[[ Excerpted data, beginning ]]

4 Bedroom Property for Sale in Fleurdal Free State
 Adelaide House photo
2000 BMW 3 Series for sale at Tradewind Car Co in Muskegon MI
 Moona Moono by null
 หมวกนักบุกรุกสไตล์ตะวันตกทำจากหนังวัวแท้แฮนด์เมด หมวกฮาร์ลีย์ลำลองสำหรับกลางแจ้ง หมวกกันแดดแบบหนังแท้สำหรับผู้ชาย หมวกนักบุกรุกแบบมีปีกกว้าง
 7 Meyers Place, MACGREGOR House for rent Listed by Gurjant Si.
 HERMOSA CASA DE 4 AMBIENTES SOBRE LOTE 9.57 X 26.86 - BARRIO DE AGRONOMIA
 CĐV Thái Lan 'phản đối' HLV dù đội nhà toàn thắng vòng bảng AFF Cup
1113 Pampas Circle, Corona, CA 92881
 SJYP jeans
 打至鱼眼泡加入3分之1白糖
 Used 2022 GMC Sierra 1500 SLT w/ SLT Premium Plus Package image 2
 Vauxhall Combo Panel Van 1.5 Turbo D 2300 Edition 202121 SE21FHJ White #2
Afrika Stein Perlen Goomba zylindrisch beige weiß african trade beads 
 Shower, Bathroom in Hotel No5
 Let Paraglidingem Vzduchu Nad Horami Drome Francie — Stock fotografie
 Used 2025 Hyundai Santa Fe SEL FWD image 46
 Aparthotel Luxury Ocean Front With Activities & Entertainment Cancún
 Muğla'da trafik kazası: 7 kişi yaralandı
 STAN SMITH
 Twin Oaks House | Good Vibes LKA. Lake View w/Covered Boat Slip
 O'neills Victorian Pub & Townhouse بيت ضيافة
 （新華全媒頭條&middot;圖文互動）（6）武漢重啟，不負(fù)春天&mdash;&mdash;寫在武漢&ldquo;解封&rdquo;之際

[[ Excerpted data, end ]]

Action item: Please write out, exactly as they appear, the lines from the one containing "Aparthotel Luxury Ocean" through the last line of the records above, and nothing more.

Response:
 Aparthotel Luxury Ocean Front With Activities & Entertainment Cancún
 Muğla'da trafik kazası: 7 kişi yaralandı
 STAN SMITH
 Twin Oaks House | Good Vibes LKA. Lake View w/Covered Boat Slip
 O'neills Victorian Pub & Townhouse بيت ضيافة
 （新華全媒頭條&middot;圖文互動）（6）武漢重啟，不負(fù)春天&mdash;&mdash;寫在武漢&ldquo;解封&rdquo;之際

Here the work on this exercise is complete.